Black hole shadow and acceleration bounds for spherically symmetric spacetimes

TL;DR

This paper investigates the relationship between black hole shadow parameters and acceleration bounds for radial uniformly accelerated trajectories in various static spherically symmetric black hole spacetimes, revealing universal relations.

Contribution

It establishes explicit connections between black hole shadow features and acceleration bounds, valid across multiple gravity theories and spacetime geometries.

Findings

Photon sphere radius equals the bound on closest approach distance.

Shadow radius equals the inverse of the acceleration bound.
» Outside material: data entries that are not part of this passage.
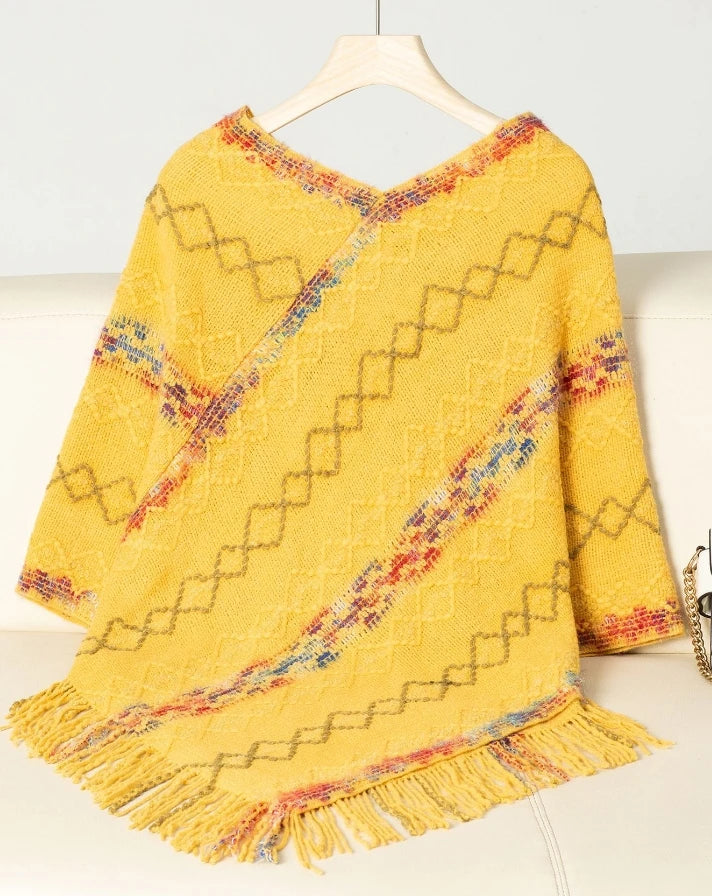 Elegant Women's Cloak Sweater Rainbow Stripe Tassel Knitted Cotton Shawl Versatile Scarf Urban Women's Autumn Warm Travel Shawl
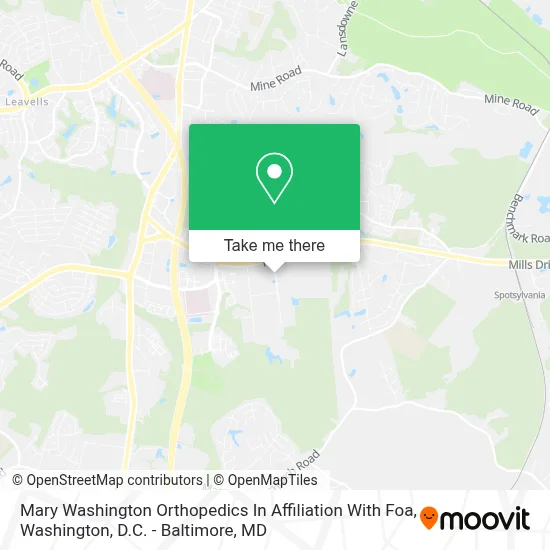Mary Washington Orthopedics In Affiliation With Foa map
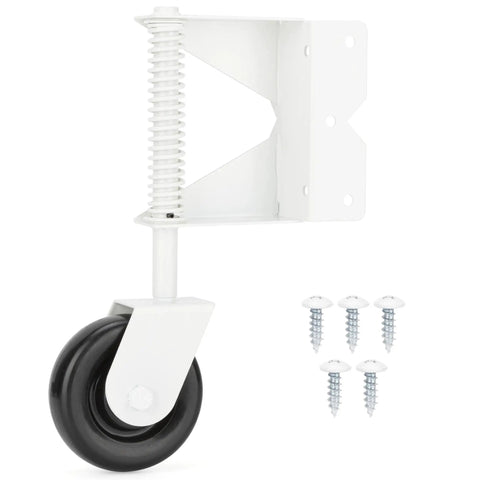 Rock Solid Heavy Duty Gate Wheel Caster With Four Inch Swivel Design, spring loaded auto leveler with black wheel and screws.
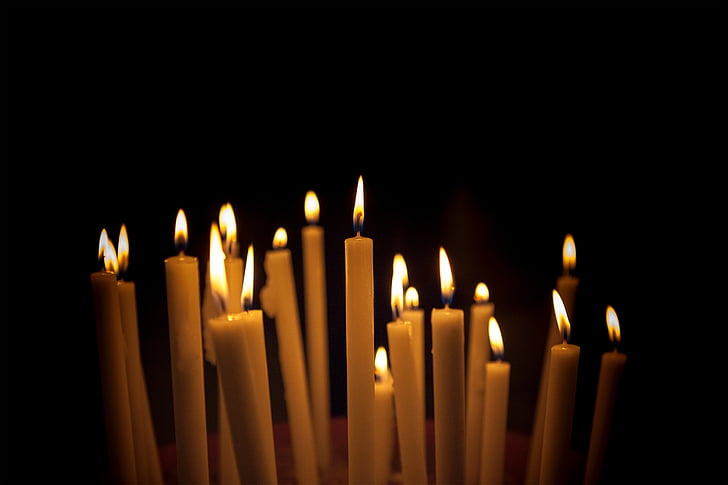 žvakės, šviesos, gaisro, liepsna, tamsus, naktį, žvakė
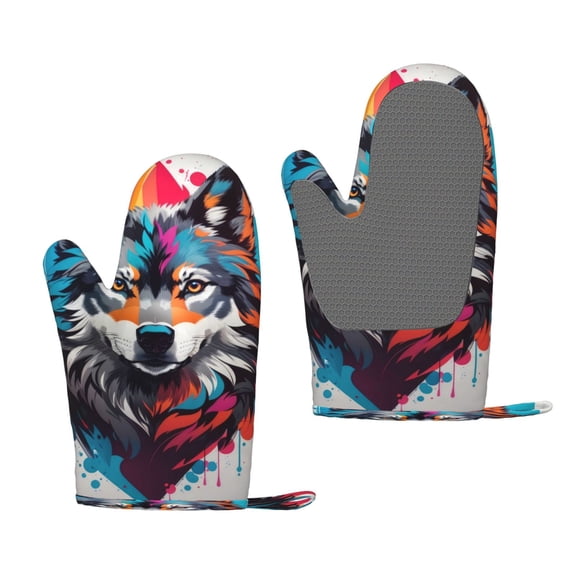 Hirioo Tie-Dye Wolf Head for Silicone Oven Mitts for BBQ, Baking, Cooking, Set of 2, Heat Resistant 260, Non-Slip Kitchen Essentials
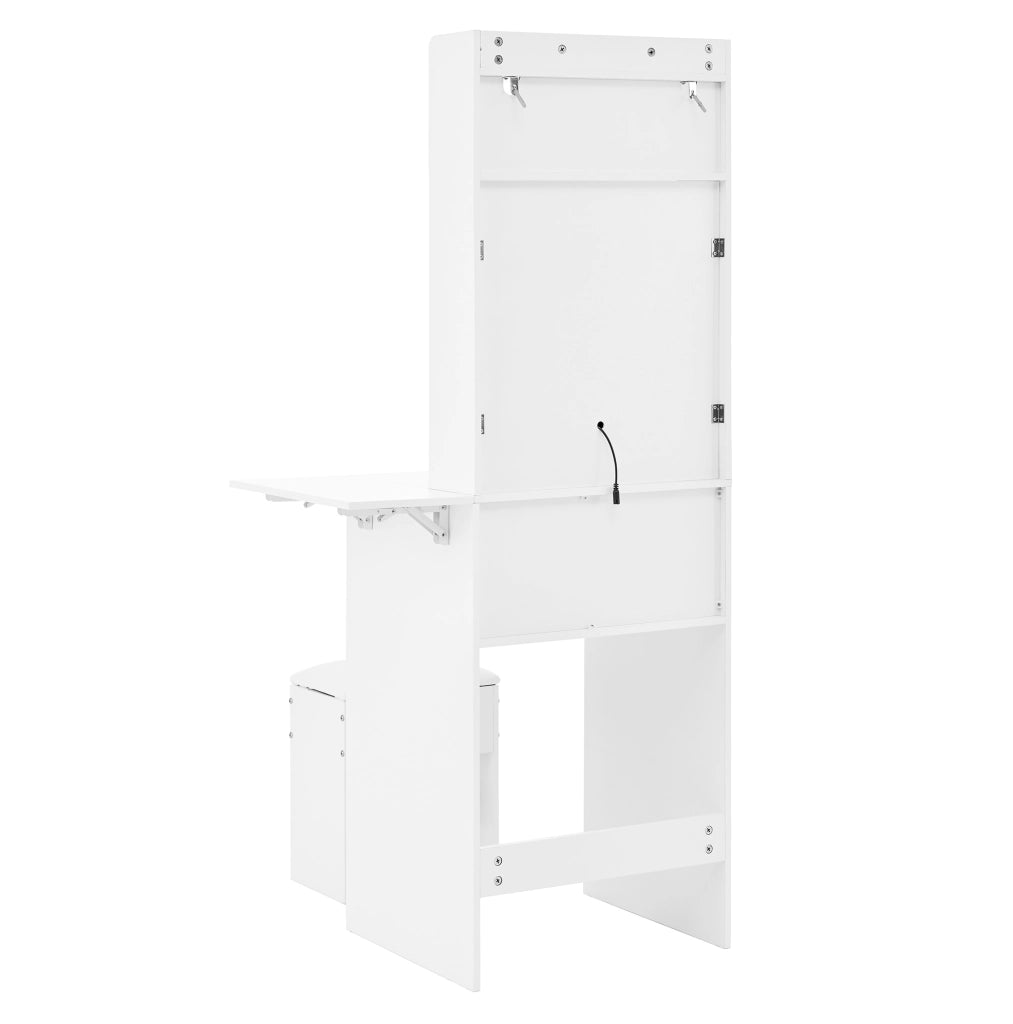 Toeletta 75x45x156 cm con piano pieghevole e LED a 3 colori in MDF bianco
Relations hold universally in different gravity theories for Schwarzschild-type black holes.

Abstract

We explore an interesting connection between black hole shadow parameters and the acceleration bounds for radial linear uniformly accelerated (LUA) trajectories in static spherically symmetric black hole spacetime geometries of the Schwarzschild type. For an incoming radial LUA trajectory to escape back to infinity, there exists a bound on its magnitude of acceleration and the distance of closest approach from the event horizon of the black hole. We calculate these bounds and the shadow parameters, namely the photon sphere radius and the shadow radius, explicitly for specific black hole solutions in $d$-dimensional Einstein's theory of gravity, in pure Lovelock theory of gravity and in the $\mathcal{F}(R)$ theory of gravity. We find that for a particular boundary data, the photon sphere radius $r_{ph}$ is equal to the bound on radius of closest approach $r_b$ of the incoming radial LUA trajectory while the shadow radius $r_{sh}$ is equal to the inverse magnitude of the acceleration bound $|a|_b$ for the LUA trajectory to turn back to infinity. Using the effective potential technique, we further show that the same relations are valid in any theory of gravity for static spherically symmetric black hole geometries of the Schwarzschild type. Investigating the trajectories in a more general class of static spherically symmetric black hole spacetimes, we find that the two relations are valid separately for two different choices of boundary data.